Sejujurnya saya merasa begitu berdosa, entah naluri konsumtif dari mana yang
timbul di diri Claudya ini. Biasanya saya tidak begini, saya tidak suka
belanja, saya merasa baik-baik saja dengan hidup yang minimalis, dan sungguh
syarat hidup saya sangatlah ringan.
Sore itu
menjadi titik balik saya menghayati natal ini. Entah ide darimana, saya
tergelitik membuka lemari baju saya dan disana saya temukan tumpukan pakaian
yang lebih dari cukup. Di samping lemari saya memiliki dua kardus pakaian yang
bahkan tidak pernah saya gunakan lagi. Lucu sekali saya merasa tidak punya
cukup pakaian, kecuali memang arwah keserakahan sedang hinggap.
Dulu saat
kuliah saya pernah menjual baju-baju saya bersama dua sahabat saya,
mengumpulkan pundi rupiah lalu membelikan cemilan-cemilan kecil untuk dibagi di
orang-orang segang kosan dari anak-anak hingga manula. Pernah pula saya
berjualan online hanya untuk bisa berbagi sembako saat natal seperti ini. Tanpa
gaji, sebagai mahasiswa perantauan dengan uang bulanan tidak lebih dari satu
juta, saya bisa berbuat banyak bagi orang lain. Kini adiss telah jatuh miskin
dengan gaji diatas UMR setiap bulannya.
Orang dikatakan kaya bukan karena memiliki banyak namun karena sanggup memberi banyak. Saya malu ke Tuhan dan diri sendiri.

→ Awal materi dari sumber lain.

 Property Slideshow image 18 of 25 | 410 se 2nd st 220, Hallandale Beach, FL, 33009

Sendirian saya mengambil waktu untuk merenung. Kita kadang terlalu larut dalam hingar bingar
natal hingga lupa apa makna natal sesungguhnya, apa yang terbesar harus kita
koreksi di penghujung tahun, apa yang Tuhan rindu kita lakukan.

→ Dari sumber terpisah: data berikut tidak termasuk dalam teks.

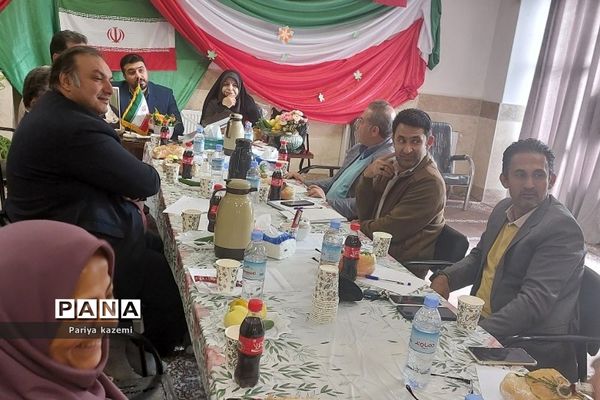 جلسه هم‌اندیشی و هماهنگی مدیران متوسطه دوم در آموزش و پرورش رودهن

Dengan tanda tanya saya keheranan kenapa saya menjadi begitu ingin tampil cantik dengan pakaian
up-to-date. Tidak lain adalah karena saya melihat betapa banyak kawan saya yang
bisa berpenampilan menawan dan saya tidak. Iri, selalu jadi masalah saya sejak dulu. parahnya itu membuat saya menjadi
orang yang pelit berbagi. Saya telah menjadi seburuk-buruknya manusia dan
semiskin-miskinnya pribadi.
Kita tidak bisa berbagi bukan karena kita kurang memiliki, namun karena lupa seberapa banyak kita sudah diberkati.

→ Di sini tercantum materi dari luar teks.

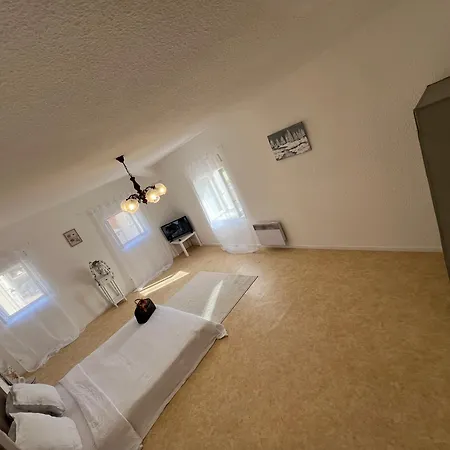Vallier Apartment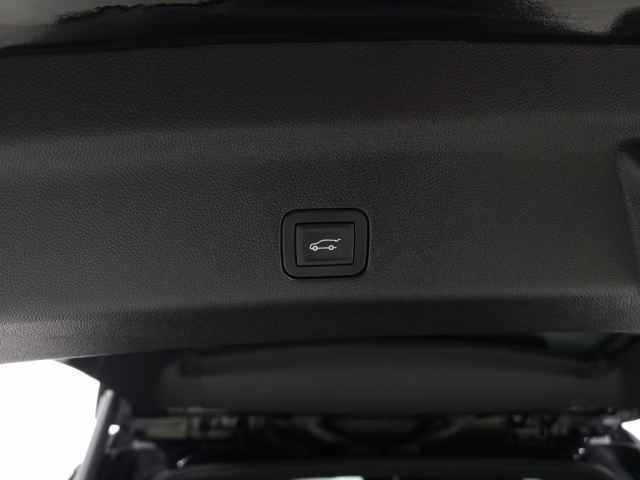 Used 2024 Cadillac Escalade ESV V w/ Heavy-Duty Trailer Package image 8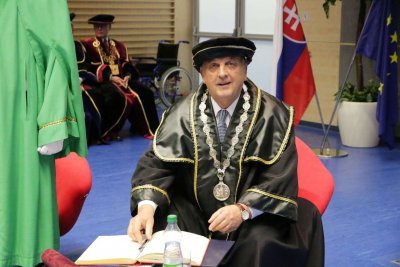 Doctor Honoris Causa Michalovi Kováčovi a Petrovi Mihókovi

Ingatan saya melangkah mundur dan mengurai kebaikan Tuhan di masa lampau dengan mengijinkan
saya mencicipi banyak pengalaman yang saya rindukan; ikut sidang PBB, mengajar di pedalaman dan berlayar, lulus usia 20tahun, kerja sebelum sarjana, hingga melayani lewat menulis, semua yang sekedar saya ucapkan
sebagai kerinduan, Dia kabulkan. Saya ingat sekali telah menulis “ke ranukumbolo”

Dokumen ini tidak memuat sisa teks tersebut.